The farm is one of only a handful in the country exporting coffee, and it does adhere to organic growing practices and fair labor conditions, although it carries official certification for neither. The farm is also part of the "Zeri Mushroom Project" which is an program that teaches how to grow mushrooms on coffee pulp waste -- essentially turning waste into a side profit and environmentally-friendly practice.
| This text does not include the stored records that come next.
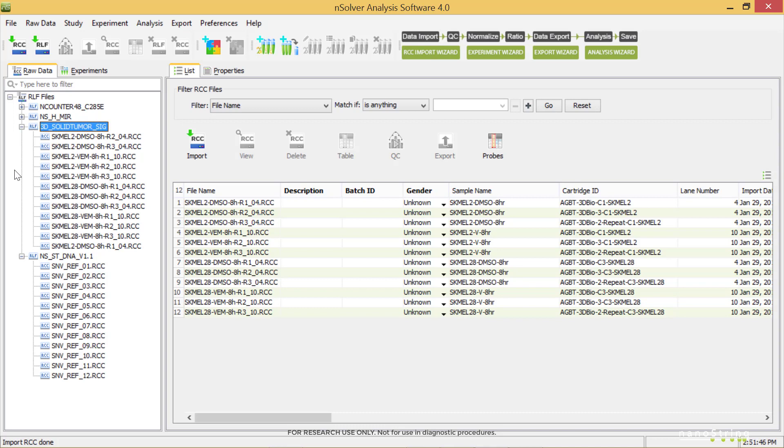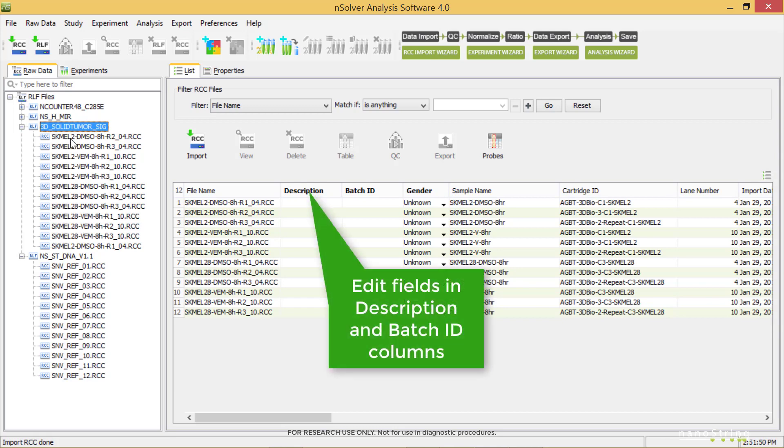Now we'll explore the raw data and assess any QC flags. Selecting the code set name, 3D Solid Tumor, allows us to view all RCC files under it in a table format. We can edit fields in the Description and Batch ID columns if we would like.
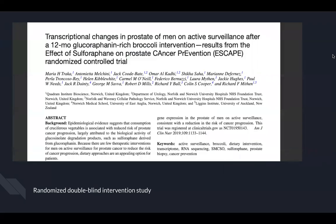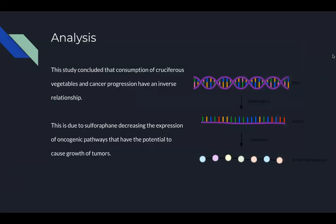The third study aimed to determine if broccoli soup rich in sulforaphane would change gene expression in the prostate tissue of participants. For 12 months, 49 men received 300 milliliters of broccoli soup every week. The soup was either made with standard broccoli as a control or with broccoli of experimental genotypes containing higher amounts of glucoraphanin. This study concluded that consumption of cruciferous vegetables high in sulforaphane and cancer progression have an inverse relationship, due to sulforaphane decreasing the expression of oncogenic pathways that have the potential to cause tumor growth.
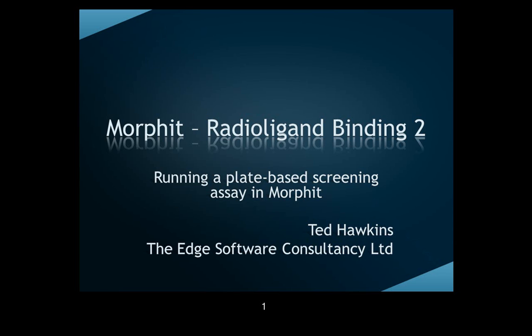Today I'm going to demonstrate how we can use Morphit to run a radioligand binding assay with two key purposes. The first is to show why Morphit is so suitable for this type of assay, and the second is to show three of the released add-ins actually working together in one binder.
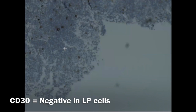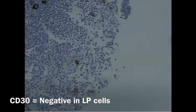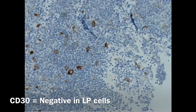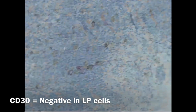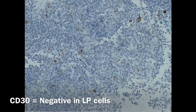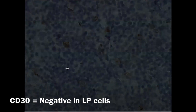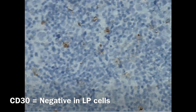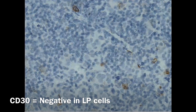At higher magnification, those cells taking the stain can be immunoblasts, but they are not the LP cells. I will show you the LP cells here. This is a big cell and from my microscope it looks like a popcorn cell, and it's not taking the CD30. On the 40x, here is another LP cell and it's really negative.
These are washed process and are easy to roast. In general, Zimbabwe beans do well right at, or a few seconds into, the 2nd crack, giving you a nice rounded out body, sweet orange metallic flavor and medium acidity. This one can be roasted lighter, which brings out more of a malty grain taste (Teriyaki sauce?) with an emphasis on the citrus and acidity and a lighter body. You can also go darker. The 2nd cracks tend to be late, but if you go 20 seconds in, something like a dark Sumatra roast, then you can really bring out the dark deep spicy, clove spiciness. The farm actually grows the revered SL-28 varietal that Kenya is famous for growing, as well as the more common Typica varietal, and they blend them together at the mill, and it makes for a nice mug of coffee with Zimbabwe character. There's nothing here that makes me think it is from Kenya.
This is a very similar Zimbabwe to what we've carried the past couple of years. It you liked it last year, you will still like it; and if you've never had a Zimbabwe, this is a decent example of one to try. It came into the USA in December 2016.